▸ **TASK ITEM**: Transcribe only the lines in the data below falling between the line with "Men's Adidas Climawarm" and the line with "Slimming descriere corset, comentarii", including those two lines, and leave out any picture.

▸ **INPUT FOR THIS TASK**:
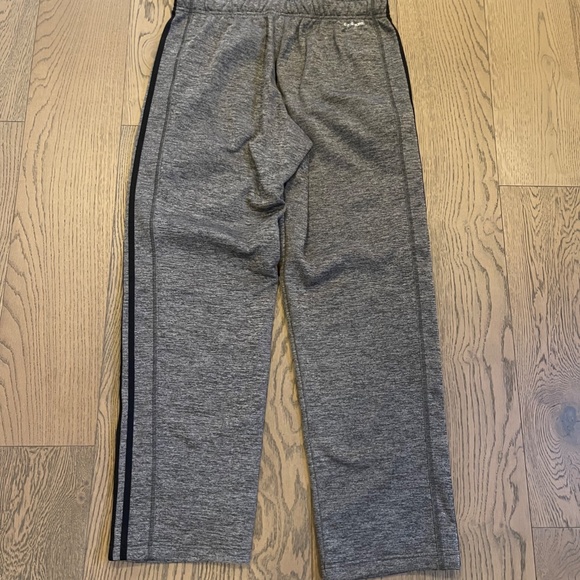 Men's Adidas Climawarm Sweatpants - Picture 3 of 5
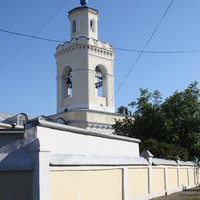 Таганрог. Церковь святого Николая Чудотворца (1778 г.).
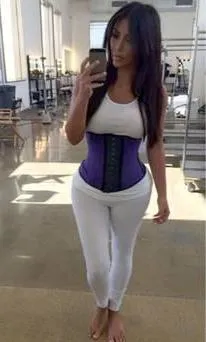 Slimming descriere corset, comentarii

* * *

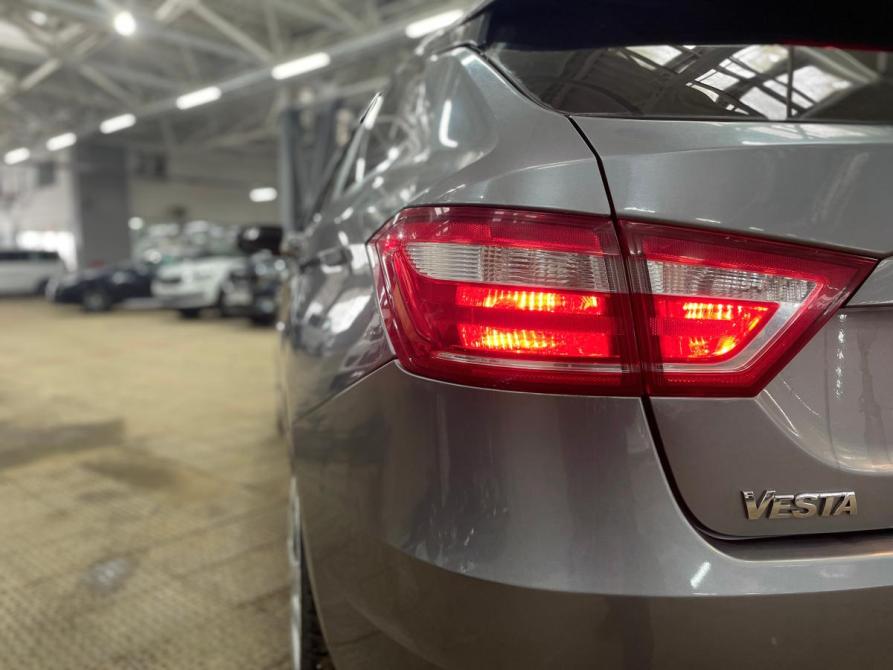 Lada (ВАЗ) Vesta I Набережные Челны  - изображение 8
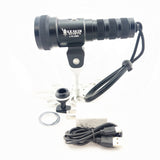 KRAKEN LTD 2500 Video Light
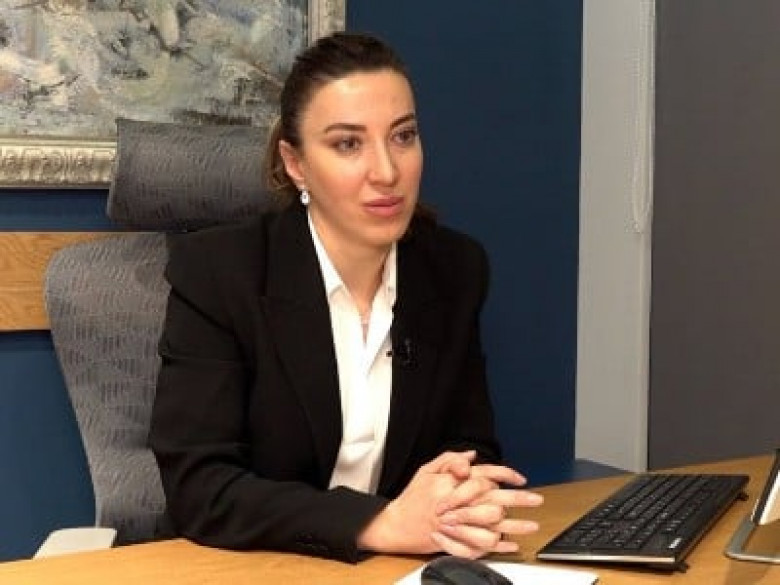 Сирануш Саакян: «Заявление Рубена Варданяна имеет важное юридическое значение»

* * *

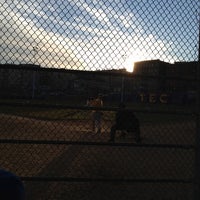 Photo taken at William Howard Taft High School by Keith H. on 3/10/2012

▸ **SOLUTION TO THIS TASK**:
 Men's Adidas Climawarm Sweatpants - Picture 3 of 5
 Таганрог. Церковь святого Николая Чудотворца (1778 г.).
 Slimming descriere corset, comentarii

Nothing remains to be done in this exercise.